Short descriptive text snippets:
↓
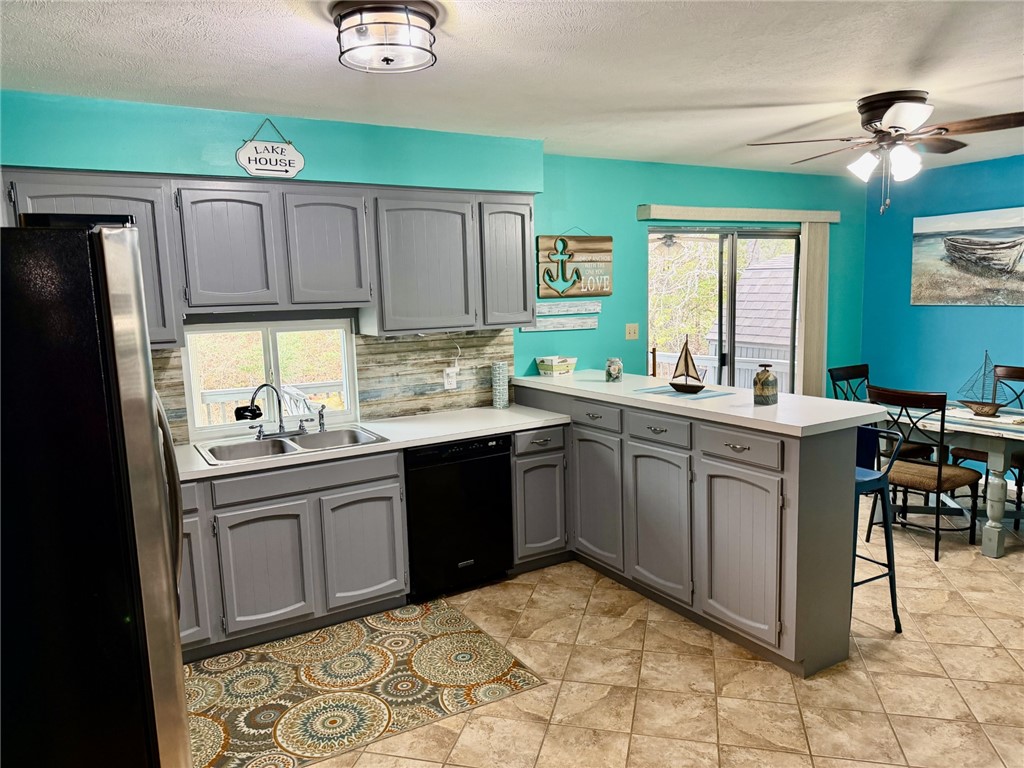 712 Tanglewood Somerville, TX 77879 - Photo 8 of 42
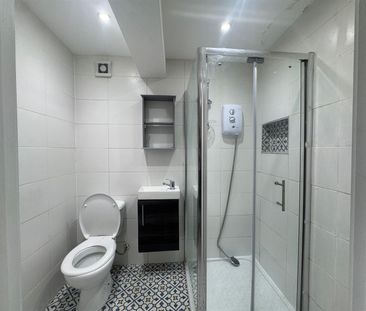 339 Hanworth Road TW3, London - Photo 2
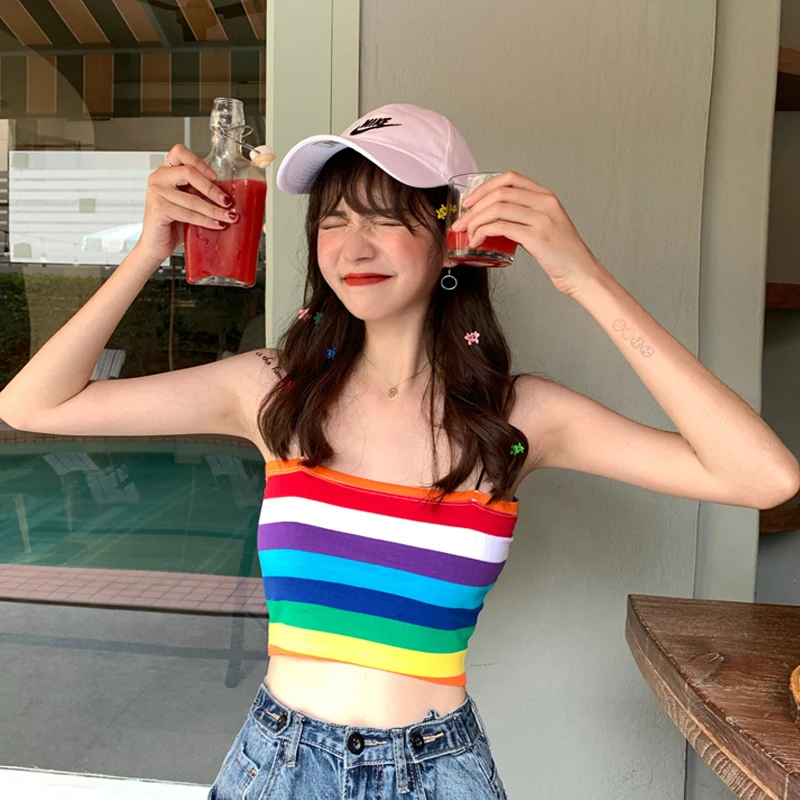 Женский жилет с тонкими лямками летний укороченный топ на бретельках Радужный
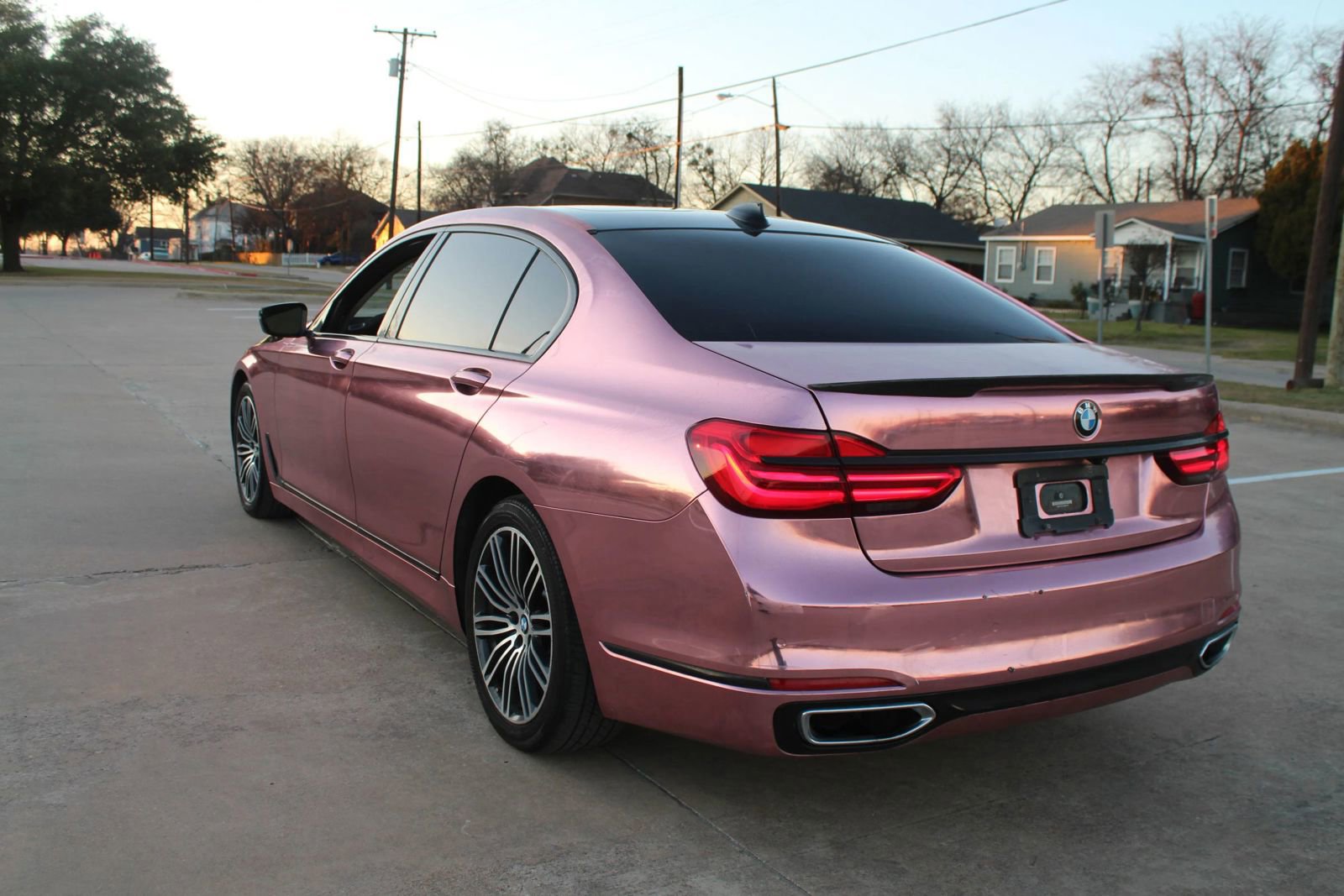 Used 2018 BMW 750i image 11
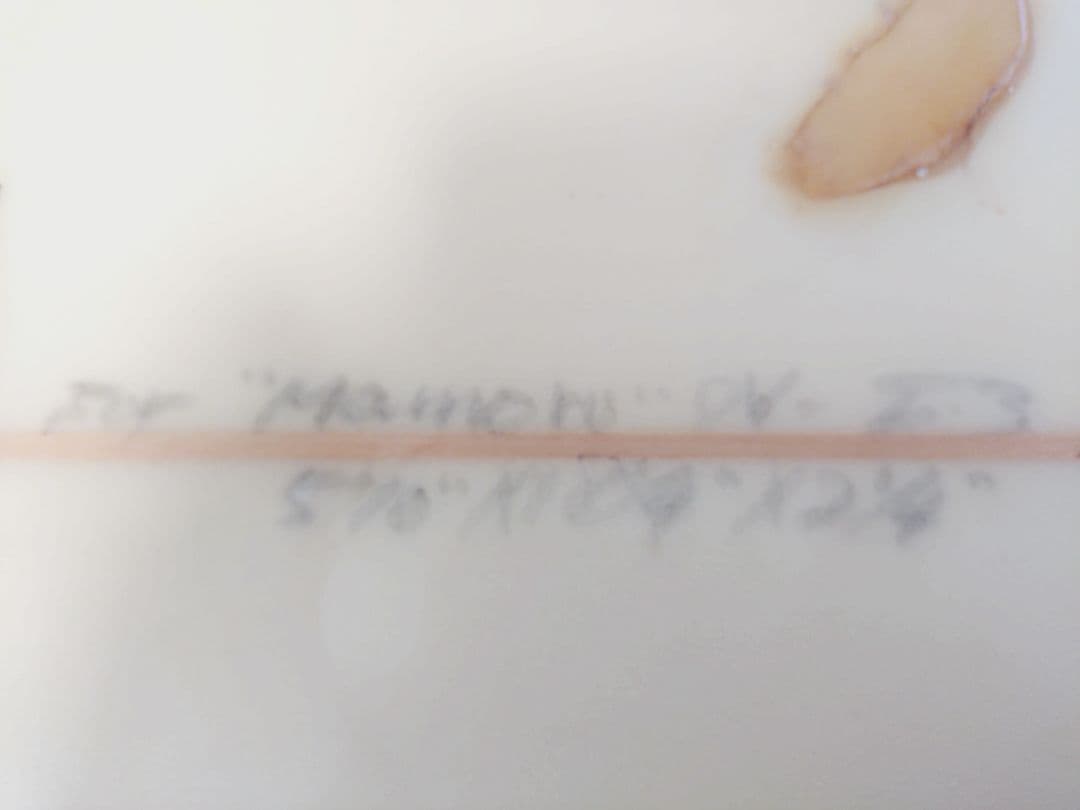 サーフィン　ショートボード 【フィン3枚付き】（送料込み）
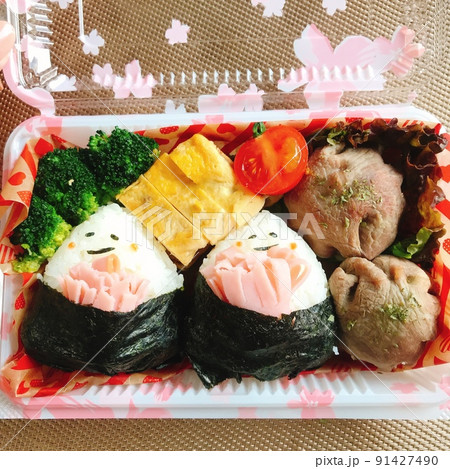 お花見に抱っこおにぎり弁当 91427490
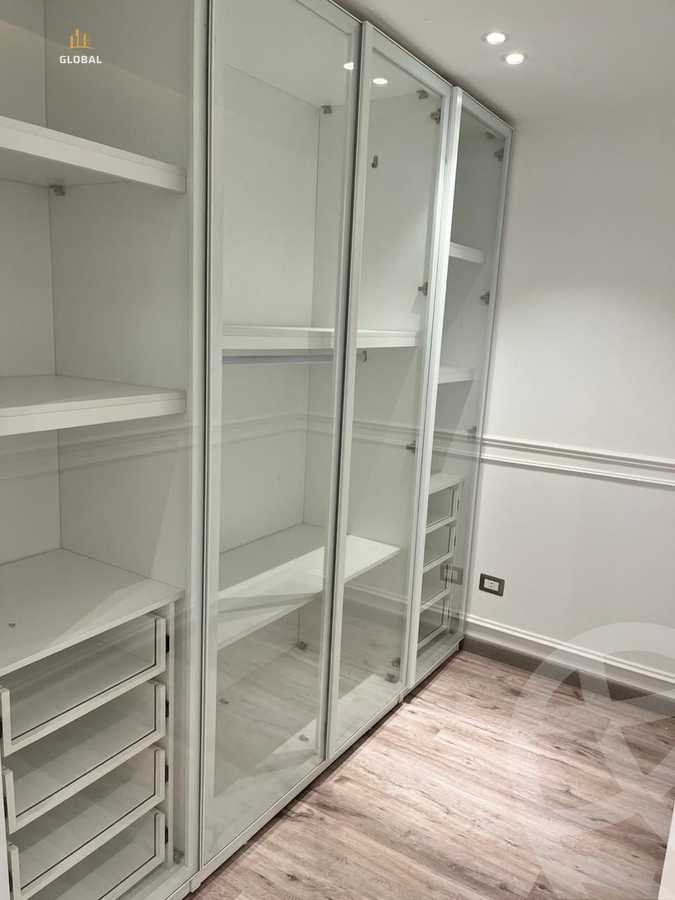 https://aqarmap.com.eg/en/listing/4367968-for-rent-cairo-new-cairo-compounds-mountain-view-hyde-park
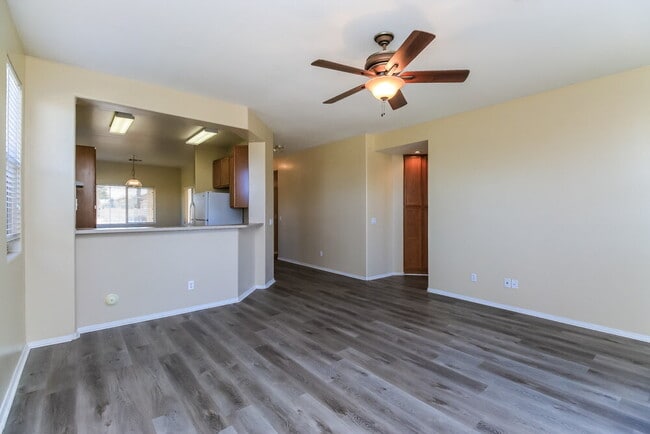 Photo - 2730 E Calle Del Norte Dr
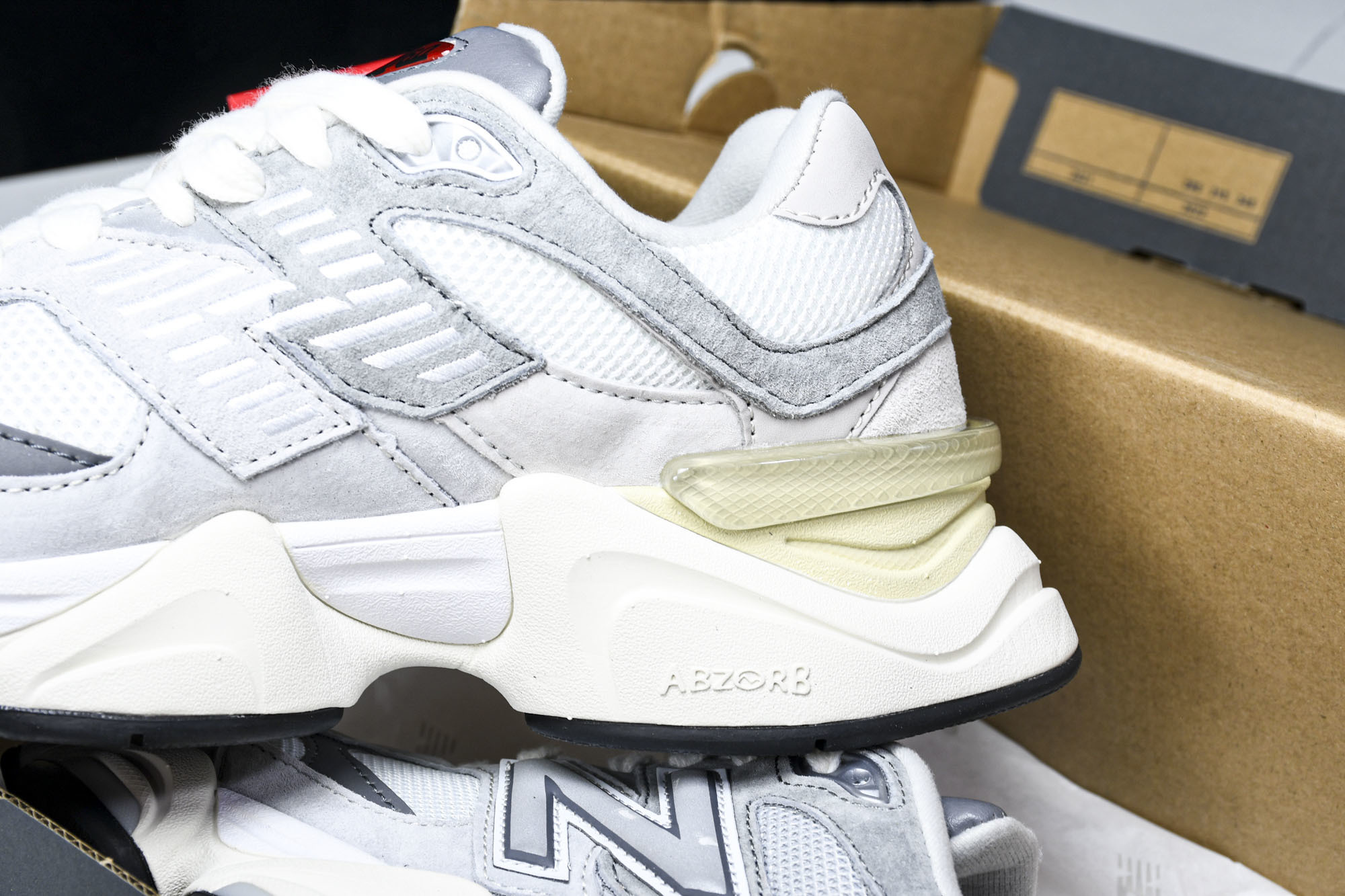 纯原 Joe Freshgoods x New Balance NB9060 复古休闲运动慢跑鞋 白灰色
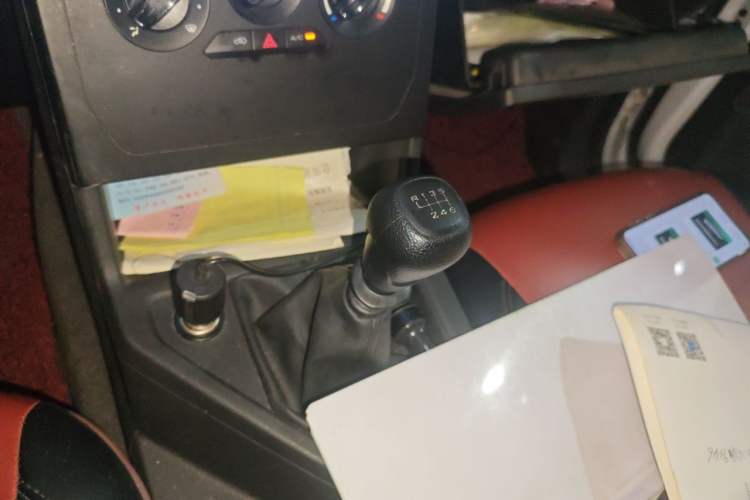 Used Wuling Hongguang PLUS 2020 1.5L Manual Standard Edition 5 Seats Gear Lever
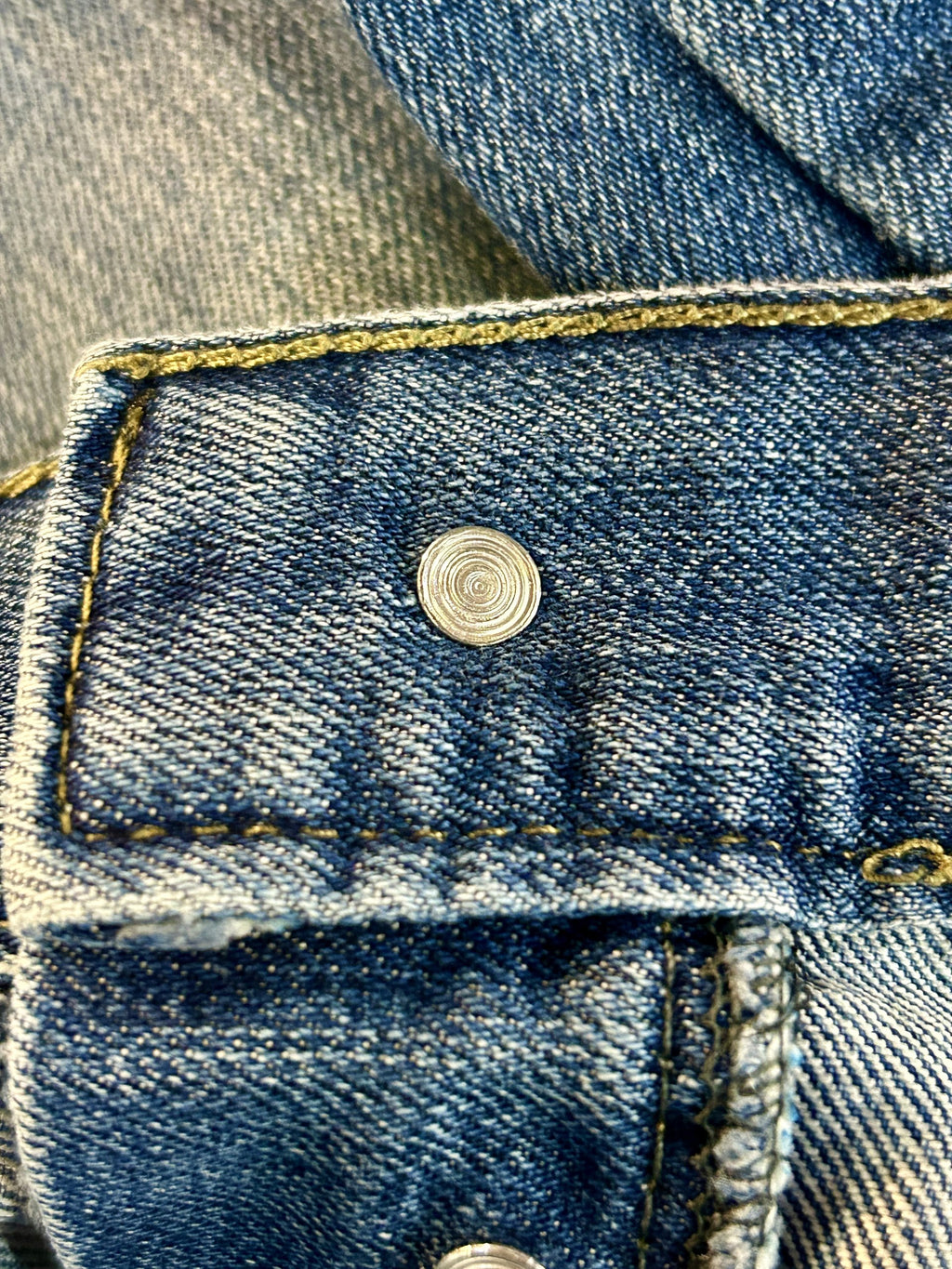 Levi’s 501 Vintage Jeans W36 Made in USA 1996 – Modified Hem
↑
• _YOUR INSTRUCTIONS_: Leaving the pictures out, copy exactly the lines from the line that contains "Used 2018 BMW 750i image 11" to the last line of the data, both ends included.

• _TASK RESULT_:
 Used 2018 BMW 750i image 11
 サーフィン　ショートボード 【フィン3枚付き】（送料込み）
 お花見に抱っこおにぎり弁当 91427490
 https://aqarmap.com.eg/en/listing/4367968-for-rent-cairo-new-cairo-compounds-mountain-view-hyde-park
 Photo - 2730 E Calle Del Norte Dr
 纯原 Joe Freshgoods x New Balance NB9060 复古休闲运动慢跑鞋 白灰色
 Used Wuling Hongguang PLUS 2020 1.5L Manual Standard Edition 5 Seats Gear Lever
 Levi’s 501 Vintage Jeans W36 Made in USA 1996 – Modified Hem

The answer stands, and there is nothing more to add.